** Opening PROVIDED ENTRIES block **
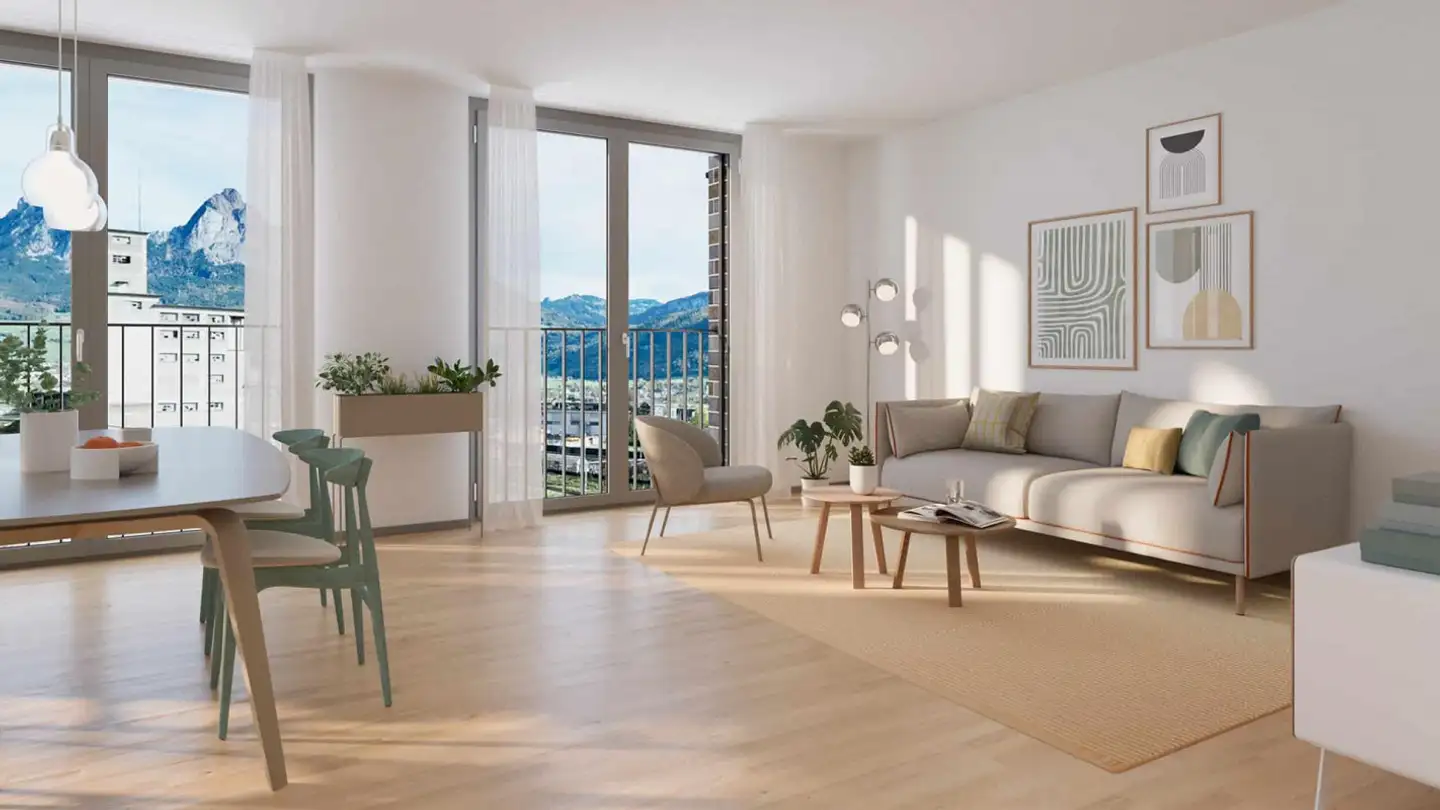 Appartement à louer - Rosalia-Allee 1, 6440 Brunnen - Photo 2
** Closing PROVIDED ENTRIES block **
** Opening PROVIDED ENTRIES block **
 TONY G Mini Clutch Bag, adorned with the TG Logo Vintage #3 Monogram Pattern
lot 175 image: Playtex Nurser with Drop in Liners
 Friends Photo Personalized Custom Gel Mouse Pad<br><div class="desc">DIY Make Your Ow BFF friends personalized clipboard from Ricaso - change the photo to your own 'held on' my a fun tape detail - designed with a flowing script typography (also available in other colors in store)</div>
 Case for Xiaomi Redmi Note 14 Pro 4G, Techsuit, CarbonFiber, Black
** Closing PROVIDED ENTRIES block **
◆ EXERCISE ◆
Lines holding the string "with": find them in the listing above and copy each one.

◆ WRITTEN ANSWER ◆
 TONY G Mini Clutch Bag, adorned with the TG Logo Vintage #3 Monogram Pattern
lot 175 image: Playtex Nurser with Drop in Liners
 Friends Photo Personalized Custom Gel Mouse Pad<br><div class="desc">DIY Make Your Ow BFF friends personalized clipboard from Ricaso - change the photo to your own 'held on' my a fun tape detail - designed with a flowing script typography (also available in other colors in store)</div>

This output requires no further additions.